Choko
- Genres: Board game Abstract strategy game
- Players: 2
- Skills: Strategy, tactics

= Choko (game) =

West African board game

Choko is a two-player abstract strategy board game from Gambia Valley, West Africa. It is played specifically by the Mandinka and Fula tribes. It is related to Yote.

==Goal==
The goal of choko is for a player to capture all the pieces of an opponent.

==Equipment==
5 x 5 holes set in the ground or on a board. Each player has 12 pieces. One plays the white pieces, and the other plays the black pieces; however, any two colors or distinguishable objects will suffice.

==Rules and Game Play==
1. The board is empty in the beginning. Players decide what colors to play, and who starts first. Players alternate their turns.

2. Players first drop their pieces. They drop one piece per turn.

3. The first player drops their first piece anywhere on the board. The first player has the drop initiative. It is not necessary to drop on every turn, but as long as the first player continues to drop, then so does the second player.

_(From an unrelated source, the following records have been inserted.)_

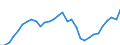 Unit of measure: Current prices, million euro / Statistical classification of economic activities in the European Community (NACE Rev. 2): Total - all NACE activities / Assets (ESA 2010): Produced non-financial assets (gross) / National accounts indicator (ESA 2010): Gross capital formation / Geopolitical entity (reporting): Portugal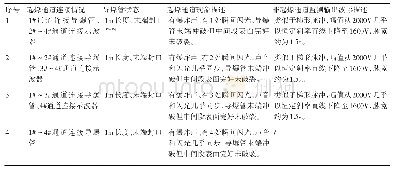 《表1 导爆管起爆电路测试结果》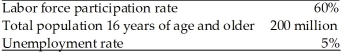 <strong>Refer to the information provided in Table 7.4 below to answer the questions that follow. Table 7.4 Refer to Table 7.4. The labor force</strong> A) equals 200 million. B) equals 130 million. C) equals 120 million D) equals 110 million.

If the first player decides to make a move (non-capturing move or capturing move), then the second player has the option to drop or move. If the second player decides to drop, then he or she has the drop initiative until he or she decides to move. This means that the first player must continue to drop as long as the second player continues to drop.

However, if the second player had made a move instead, then the first player has the option to drop or move, and has the drop initiative.

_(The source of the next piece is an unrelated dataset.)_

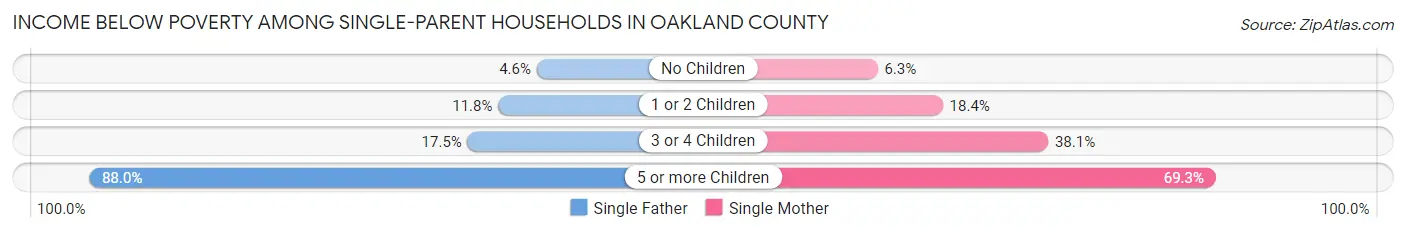 Income Below Poverty Among Single-Parent Households in Oakland County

4. In a non-capturing move, pieces can move orthogonally one space per turn. Only one piece can be moved per turn.

5. In a capturing move, pieces capture similarly as in Draughts by the short leap, except they must capture orthogonally (not diagonally). The player's piece must be adjacent to the enemy piece, and leap over it onto a vacant space on the other side. Only one leap is allowed, and therefore only one capture by this method is allowed. The player, however, is to take another enemy piece from anywhere on the board. Therefore, in a capturing move, two enemy pieces are taken each time.

6. After all pieces have been dropped, the second player moves first.